In our culture, the fear, shame and embarrassment
experienced by adults “in the closet” doesn’t come close to the crippling sense
of alienation faced by gay children growing up with the knowledge that they are
“different”. Their terrors can be
overwhelming and debilitating. Add
religious ideation to the mix with its promise of eternal damnation to those
guilty of unnatural affections and its false assurances of the possibility of
“change” for those who put their faith and trust in God, or Jesus or any other
ignorance-generated notion of a “Personal Savior”, and you have a formula for
mental illness and self-torture that can completely destroy an innocent child’s
life.
My grandfather was Irish Catholic while my grandmother was
just crazy. Their faith in God and the
Catholic Church was as unshakable as was my grandmother’s gullibility. Chain letter prayers, fortune tellers, a
belief in the frequent interactions of angels, devils, saints, spirits and
ghosts into the affairs of men … and of course a belief in the sinfulness, or
maybe even demonic possession of their grandson (even though they had no idea
of his sexual orientation) all combined to make up the framework of their
spiritual life and religious beliefs.
They never inspired the hatred and contempt in me that
Margaret did. Their shortcomings and
defects of character were the results of stupidity or ignorance and not
malice. Georgiana’s occasional
references to “those damned Jews” and Patrick’s love of “nigger” jokes were
indications of the times they lived in and the attitudes of their generation.

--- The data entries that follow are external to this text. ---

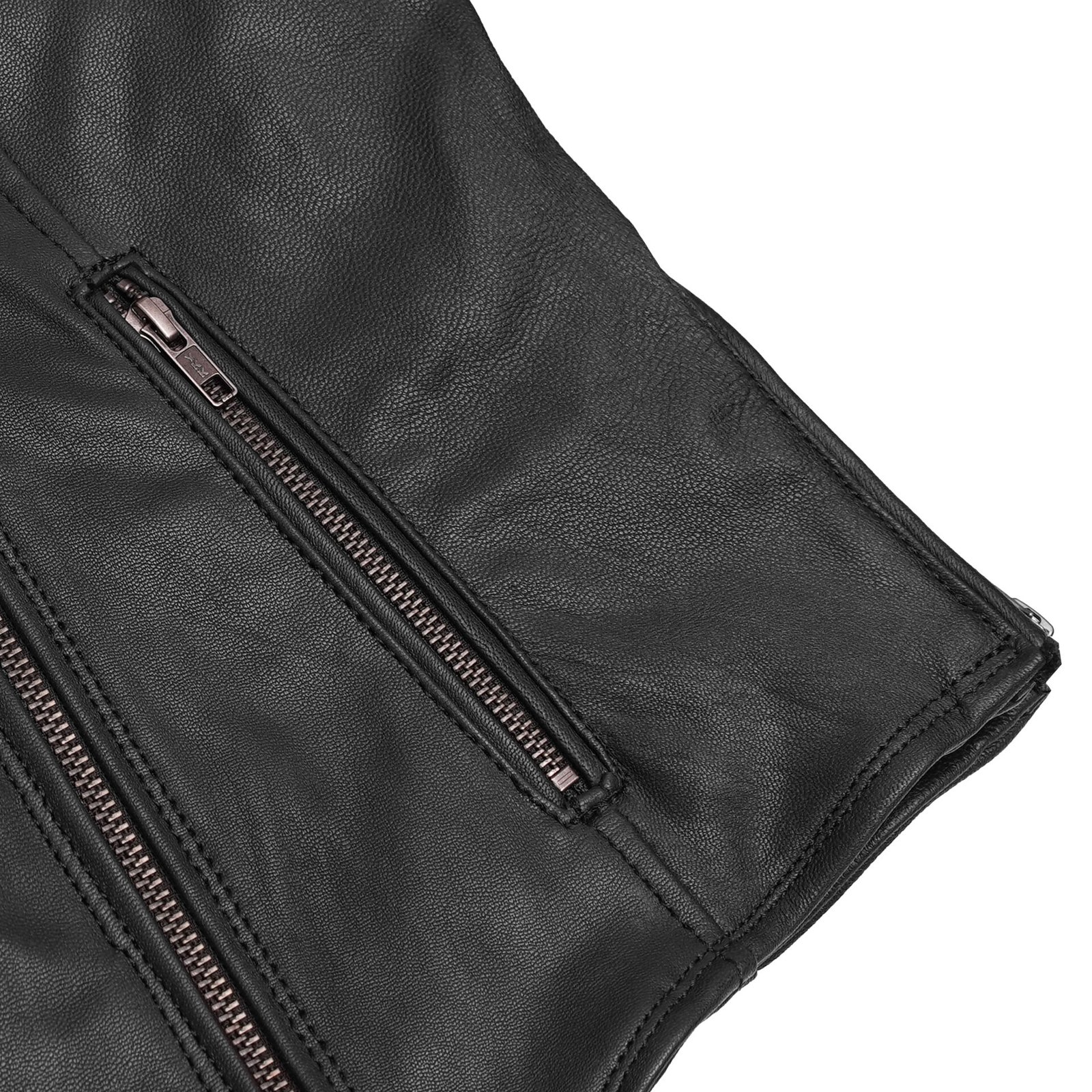 BSM2109 Women's Modern Longer Beltless Biker Jacket - Image 8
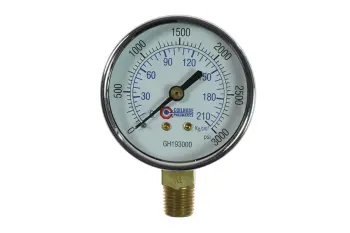 2 1/2" Hydraulic Gauge, 1/4" Bottom Mount, 0-3000 psi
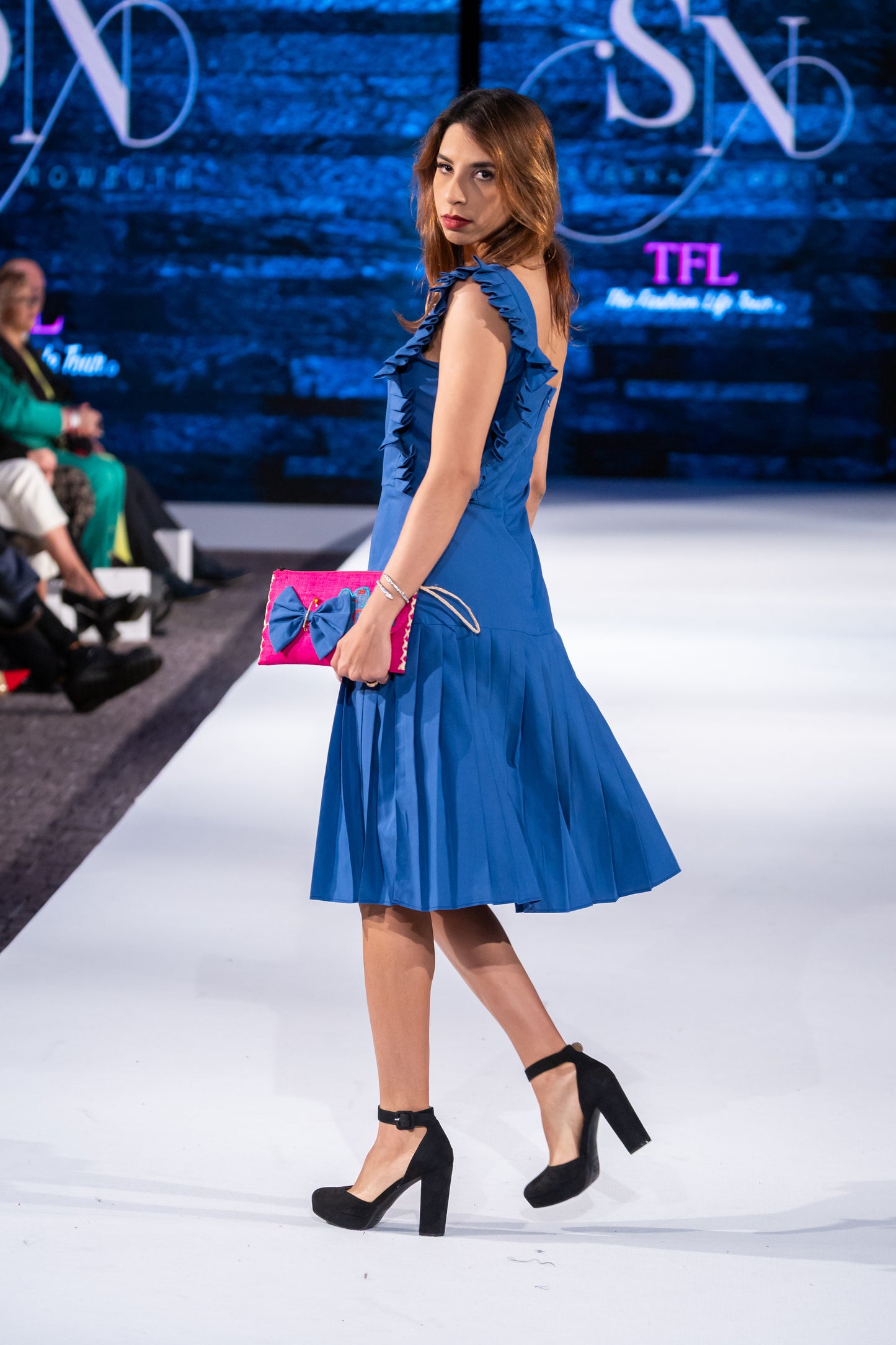 Echo Bleu Imperial Dress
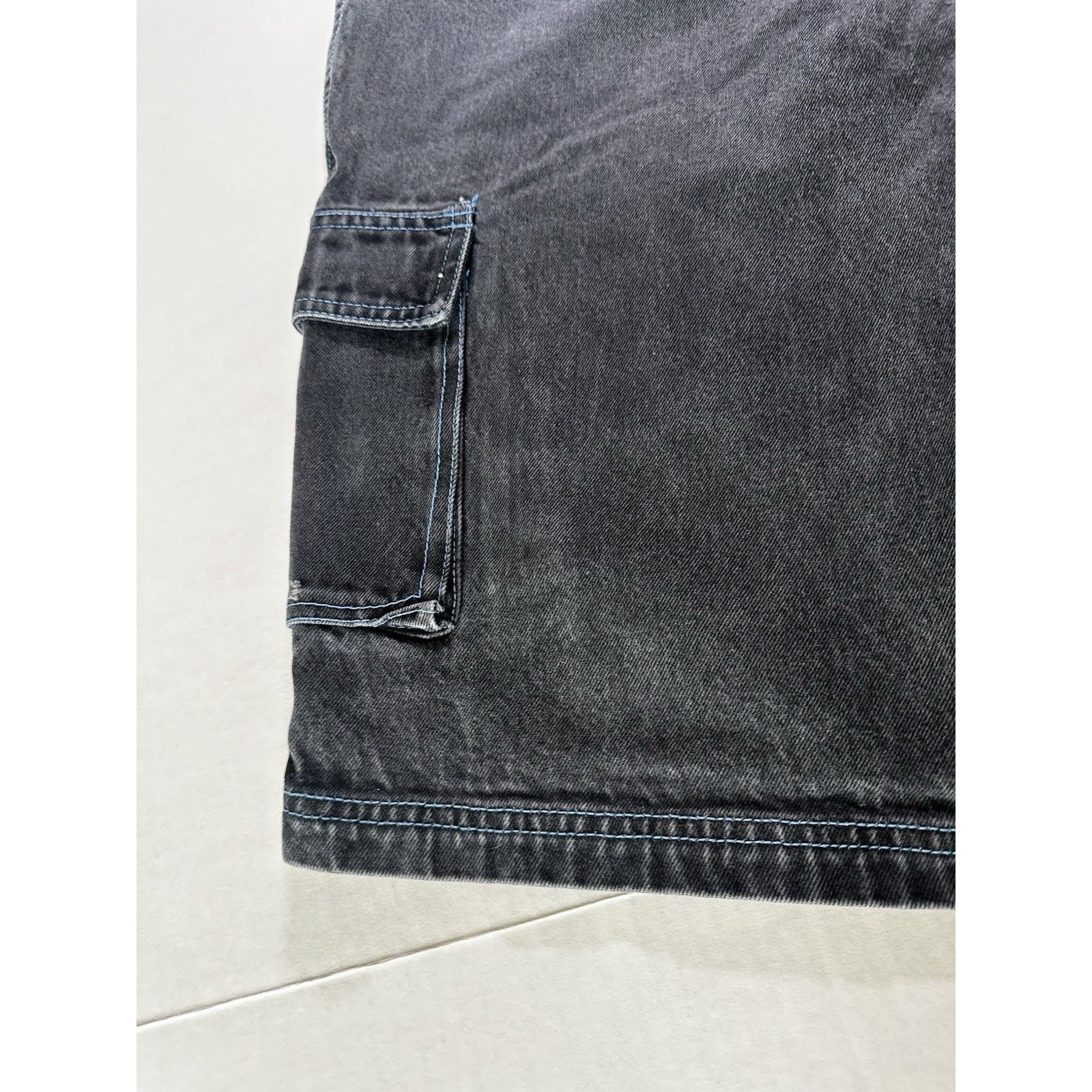 Other Moffat Baggy Cargo Shorts Black Denim sz 38 Hip Hop Y2K 90s Size US 38 / EU 54 - 9 Thumbnail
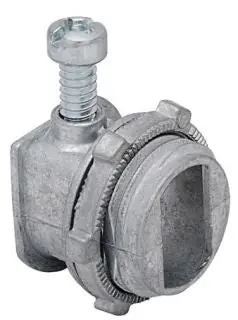 Madison Electric Products L-58 3/8 Bx/Flex Set-Screw Connector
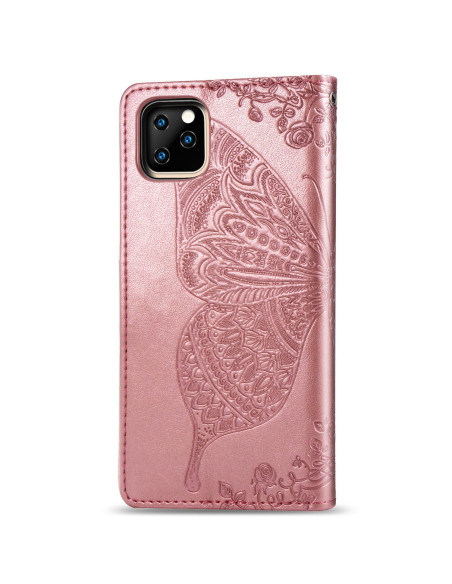 iPhone 12 Pro Max Plånboksfodral PU-Läder 4-FACK Motiv Fjäril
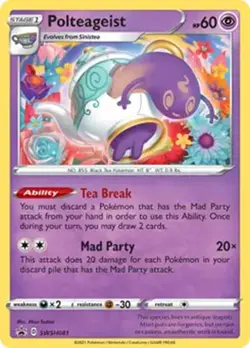 Polteageist - SWSH081 - Pokemon Sword & Shield Promo Ultra Rare Holo Card NM - Image 1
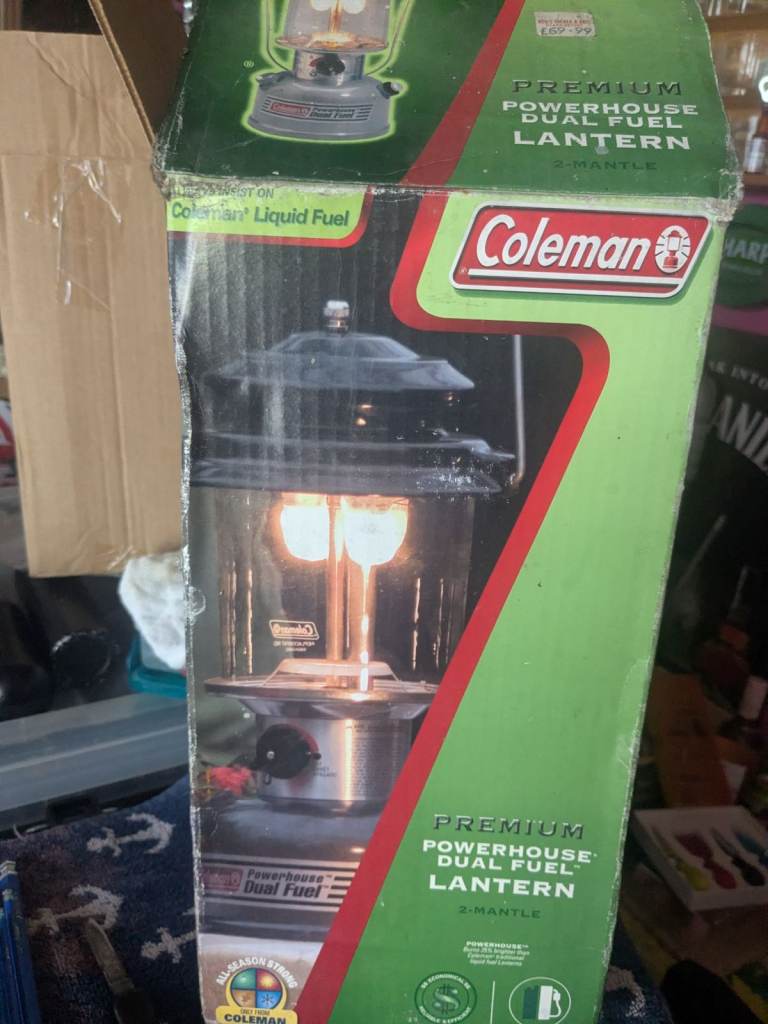 NEW Coleman lamp unused duel fuel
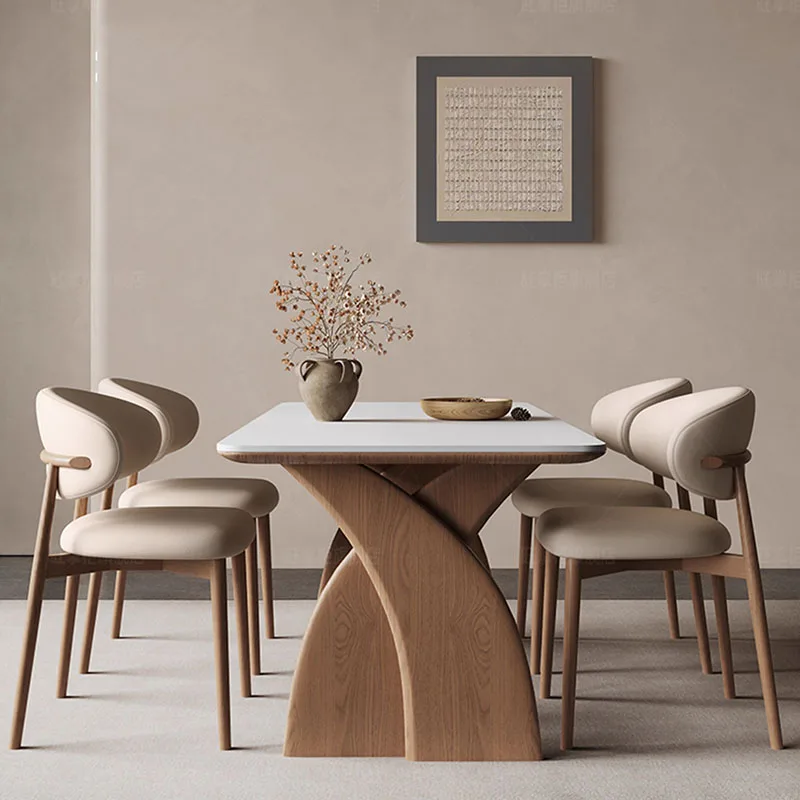 Light And Luxurious Slate Dining Table Small Family Living Room Modern Simple Rectangular Mesas De Comedor Slate Dining Table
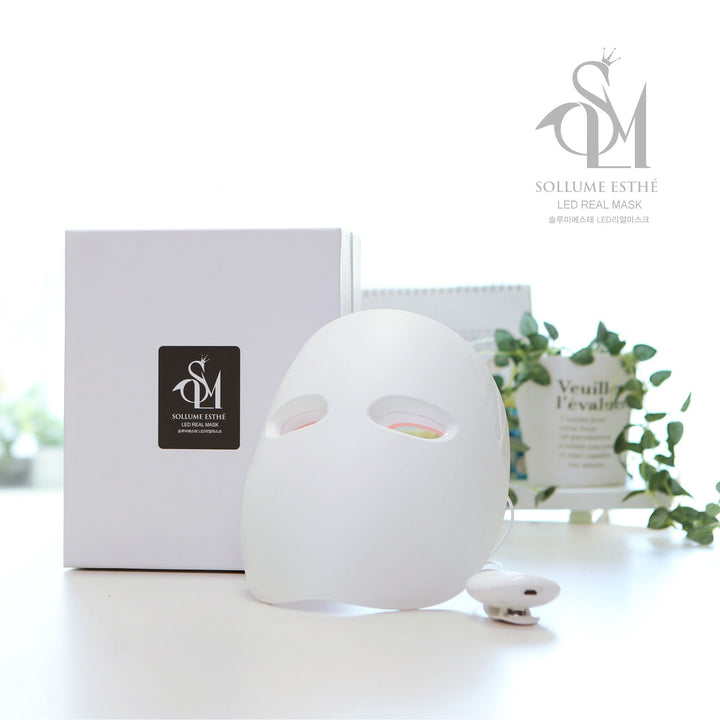 (new) Made in KOREA led face mask light therapy led mask red light IR photon skin rejuvenation - US Stores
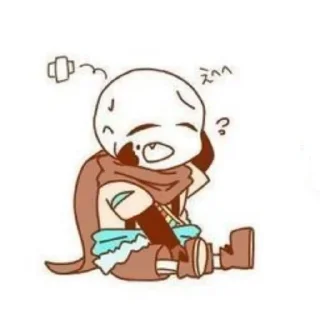 Sticker from ink sans
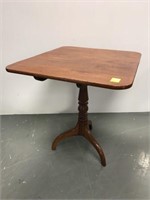 Antique tilt top table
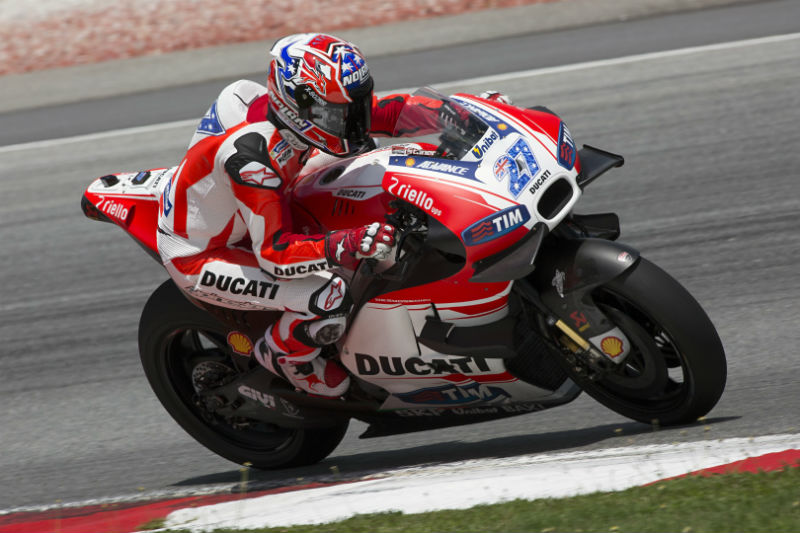Casey Stoner já rodou em Sepang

On the negative side, Patrick and Georgiana
might today be called trailer-trash if they had ever been able to afford a
mobile home. On the positive side, I
don’t remember either of them ever engaging in cruel or vicious behavior for
its own sake.
It may be unfair to paint them both with the same oversize
brush of stupidity. Georgiana was the
dominant personality in their relationship and she was stupid. There is no cure for stupidity. Those born with the defect go to their graves
with it. My quiet, non-assertive
grandfather may have suffered from nothing more serious than ignorance which is
quite curable with the judicious application of knowledge. Unfortunately, the man went through his life
and died without ever receiving a diagnosis or treatment for his handicap.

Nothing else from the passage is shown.